*ACTIVITY:* Retype word for word the stretch of entries below from the line that has "Tubo De Catnip" through the line that has "<ul><li><p>cell body - contains", and omit the pictures.

*INPUT FOR THIS TASK:*
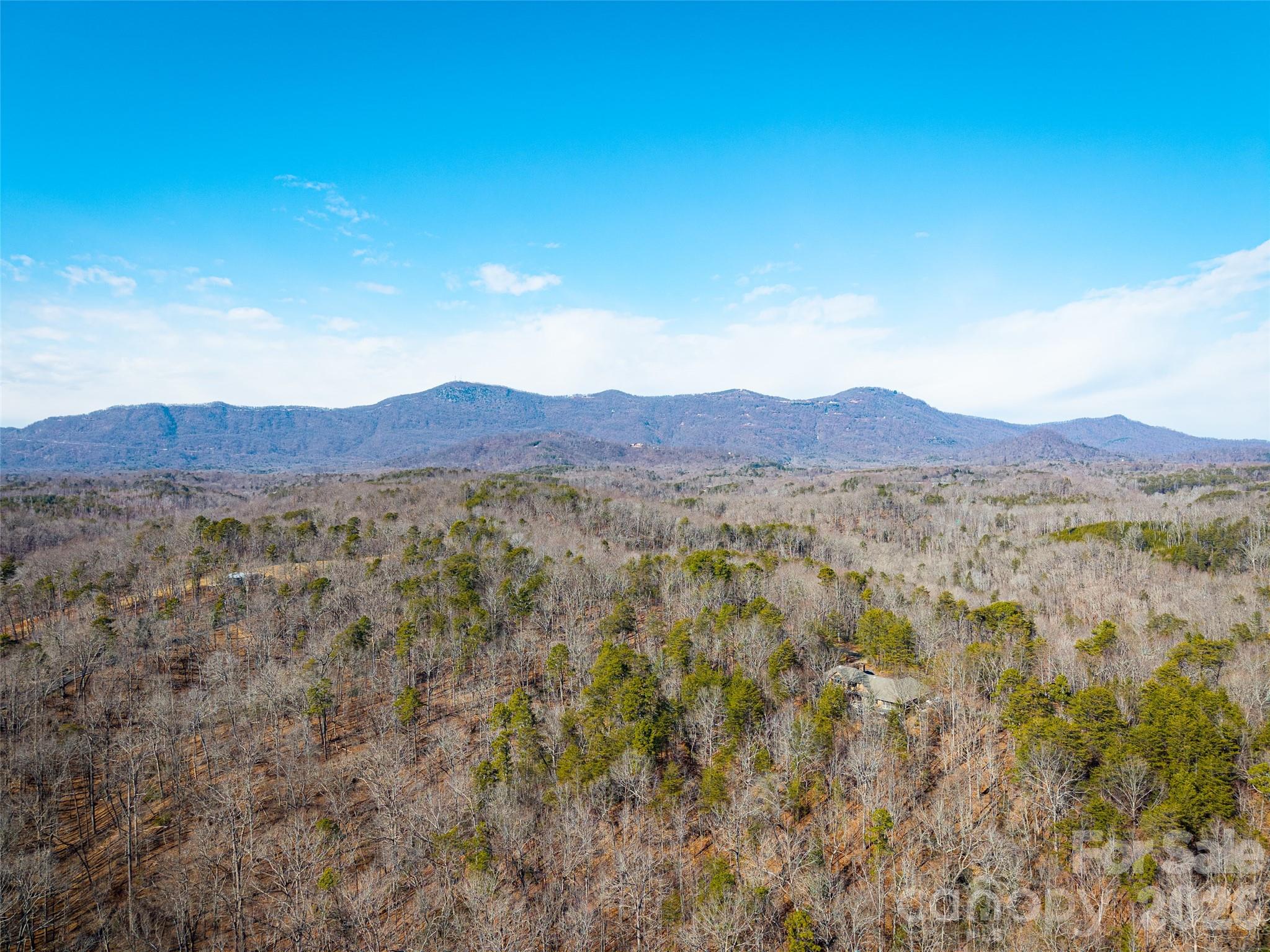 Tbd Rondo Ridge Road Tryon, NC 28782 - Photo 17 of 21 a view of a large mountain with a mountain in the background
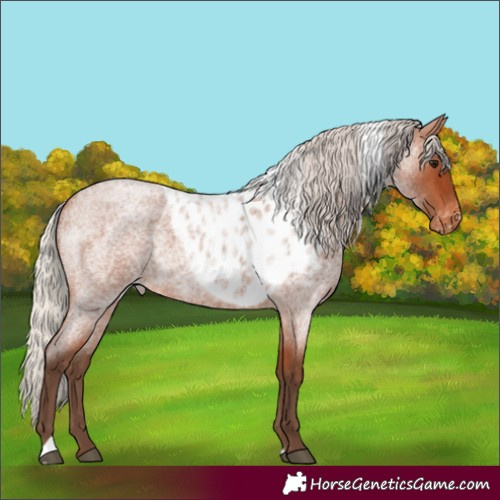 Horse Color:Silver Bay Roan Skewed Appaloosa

...

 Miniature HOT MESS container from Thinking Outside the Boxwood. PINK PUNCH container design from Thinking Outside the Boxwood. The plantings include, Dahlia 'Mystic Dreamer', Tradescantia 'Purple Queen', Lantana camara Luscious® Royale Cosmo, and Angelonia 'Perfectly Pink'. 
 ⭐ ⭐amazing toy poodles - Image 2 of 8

* * *

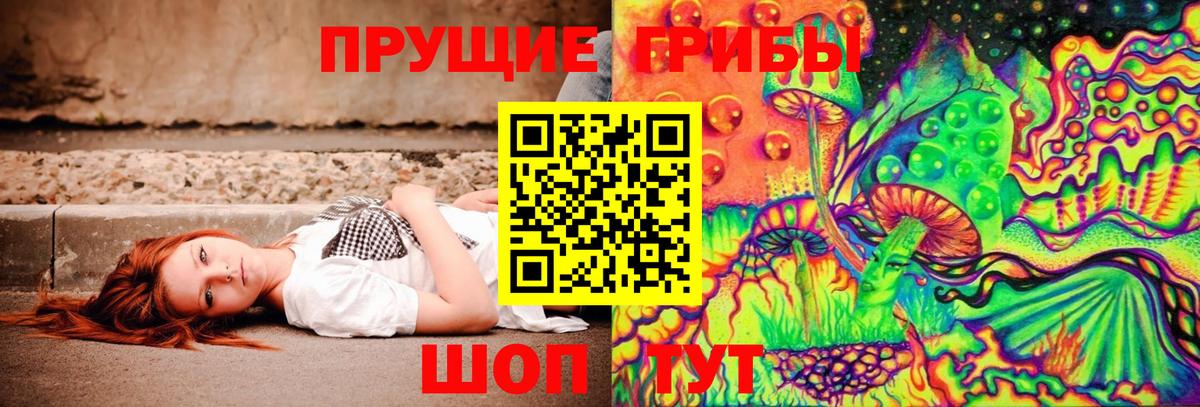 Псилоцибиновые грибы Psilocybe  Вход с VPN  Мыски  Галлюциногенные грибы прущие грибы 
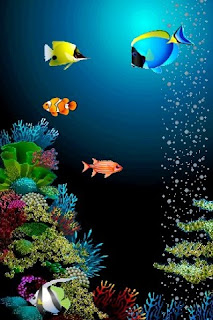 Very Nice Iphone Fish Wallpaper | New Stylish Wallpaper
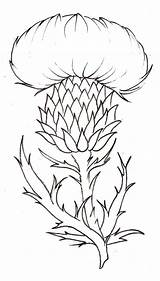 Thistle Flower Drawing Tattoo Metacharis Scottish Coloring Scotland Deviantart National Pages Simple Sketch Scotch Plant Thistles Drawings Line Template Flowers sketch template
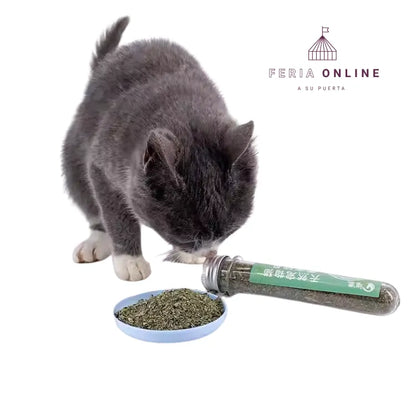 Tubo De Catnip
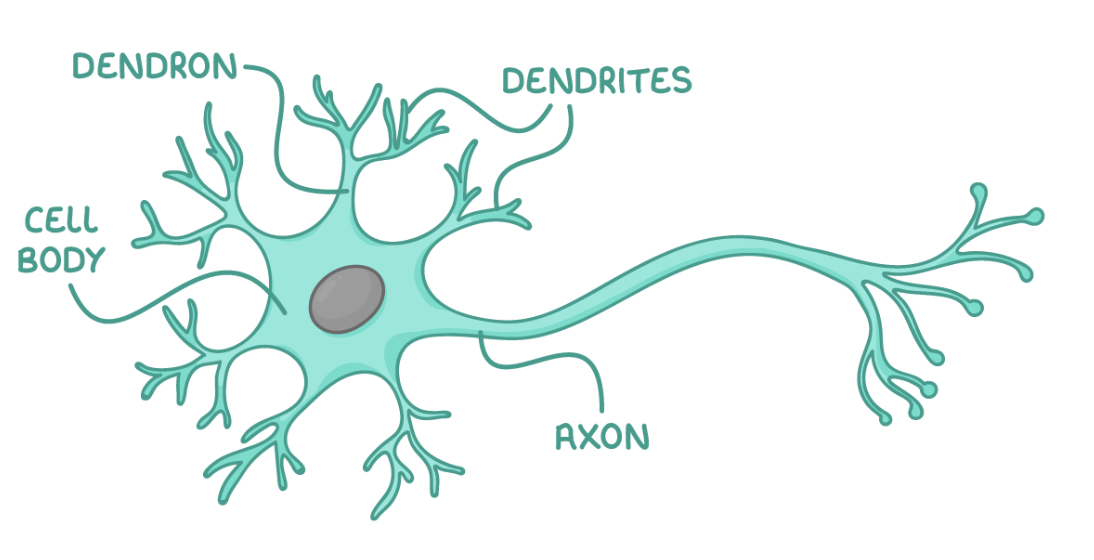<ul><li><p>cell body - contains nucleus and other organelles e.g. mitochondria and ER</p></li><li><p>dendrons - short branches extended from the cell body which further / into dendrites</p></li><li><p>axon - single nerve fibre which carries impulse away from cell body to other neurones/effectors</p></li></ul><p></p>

*EXPECTED ANSWER:*
 Tubo De Catnip
<ul><li><p>cell body - contains nucleus and other organelles e.g. mitochondria and ER</p></li><li><p>dendrons - short branches extended from the cell body which further / into dendrites</p></li><li><p>axon - single nerve fibre which carries impulse away from cell body to other neurones/effectors</p></li></ul><p></p>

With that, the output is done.